Friday, October 7, 2011

Summer Squash Stuffed with Ground Chicken, Tomatoes & Onion

This dish was a delightful way to say good-bye to summer and welcome Fall into our arms.  It used the last of the bounty of summer squash and tomatoes from the Farmer's Market, and wow did they shine!   This meal was so flavorful and meaty and yet surprisingly light.  The perfect combination of summer and fall, a meal in seasonal limbo.

I am trying desperately to avoid falling into the trap of mac 'n cheese for dinner every night this Fall while I am single-mothering it (although I humbly admit this happens about once a week).  So, when I see a recipe that has "stuffed" in the title I usually file it away for a rainy Sunday, when I have time to make a leisurely meal.  But, something captivated me about this recipe so I read on and realized this was going to be a quickie.  I made this meal during Anna's afternoon nap. When she woke up I popped these beauties in the oven and dinner was on the table 20 minutes later.

A little bit of chopping

A little bit of boiling...followed by an ice bath.

A little bit of sauteing

A little bit of stuffing... and then into the oven with it. 

See?  Simple!  I hope you enjoy this as much as I did.  Now, go make it before all the fresh, local stuff is gone!

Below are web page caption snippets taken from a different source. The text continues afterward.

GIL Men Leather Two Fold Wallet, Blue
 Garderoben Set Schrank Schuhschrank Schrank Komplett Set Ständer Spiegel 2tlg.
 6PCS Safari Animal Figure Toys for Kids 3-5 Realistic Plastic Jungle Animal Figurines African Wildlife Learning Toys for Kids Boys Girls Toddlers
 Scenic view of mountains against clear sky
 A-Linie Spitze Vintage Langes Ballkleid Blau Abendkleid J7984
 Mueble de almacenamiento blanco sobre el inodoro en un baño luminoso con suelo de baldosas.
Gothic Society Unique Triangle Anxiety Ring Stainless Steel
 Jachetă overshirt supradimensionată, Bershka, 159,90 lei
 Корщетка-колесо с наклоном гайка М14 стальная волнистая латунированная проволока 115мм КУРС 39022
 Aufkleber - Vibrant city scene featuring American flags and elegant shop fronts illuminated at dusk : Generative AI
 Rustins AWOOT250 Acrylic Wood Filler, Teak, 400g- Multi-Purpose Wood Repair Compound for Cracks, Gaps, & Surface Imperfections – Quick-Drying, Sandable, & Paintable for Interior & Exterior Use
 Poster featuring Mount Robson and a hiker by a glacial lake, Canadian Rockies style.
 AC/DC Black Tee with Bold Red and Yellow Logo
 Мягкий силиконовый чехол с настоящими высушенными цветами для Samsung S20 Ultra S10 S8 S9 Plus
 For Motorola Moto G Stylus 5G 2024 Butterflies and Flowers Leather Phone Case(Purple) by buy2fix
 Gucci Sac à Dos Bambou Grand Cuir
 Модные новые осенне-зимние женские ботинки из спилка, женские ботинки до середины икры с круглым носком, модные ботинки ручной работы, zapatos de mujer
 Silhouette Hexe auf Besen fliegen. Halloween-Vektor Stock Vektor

Summer Squash Stuffed with Ground Chicken, Tomatoes & Onion

Adapted from My Recipes


  • large yellow summer squash 
  • 2 tbsp olive oil
  • 1 large yellow onion, chopped
  • 1 pound ground chicken
  • 1 pint chopped cherry or grape tomatoes, quartered
  • 1/2 cup chicken broth
  • 1 tsp dried thyme
  • Salt and pepper
  • 1/3 cup panko 
  • 1/4 cup grated Parmesan


  • Preheat oven to 425°F.  Spray a large oven-proof baking dish lightly with cooking spray and set aside.
  • Fill a large bowl with ice water. Bring a large pot of  water to a boil. Cut squash in half lengthwise and place in boiling water. Cook in boiling water until slightly softened, about 7-8 minutes. Transfer squash to ice water bath for 3 minutes, then remove.
  • Scrape out seeds and stringy pulp from each squash half, leaving a large cavity for stuffing. Pat dry with paper towels. Arrange snugly in prepared baking dish.
  • Warm 1 tbsp oil in a large skillet over medium-high heat. Add onions and cook until softened, about 5 minutes. Add chicken and cook, stirring to break up until crumbly, about 3 minutes. Stir in tomatoes, broth and thyme. Increase heat to high and cook until turkey is cooked through and some of the liquid has evaporated, about 7 minutes. Season with salt and pepper to taste.
  • Place equal amounts of filling in each squash half and pile high in center. Sprinkle panko and then parmesan evenly over the top and  drizzle with remaining olive oil; if making ahead of time, assemble everything except the olive oil and drizzle this on just before baking. Bake about 20 minutes or until golden brown on top.
  • Eat it!


  1. This looks beautiful! I love all the ingredients you used, they're a great combination! It's simple and easy, yet super delicious, what more can you ask for? :)

  2. Mm, sounds great! Wish I still could get fresh local summer squash but I'll file this away for future use :)

  3. Yum! These look so delish! I just love Summer Squash!!! Thanks for sharing!!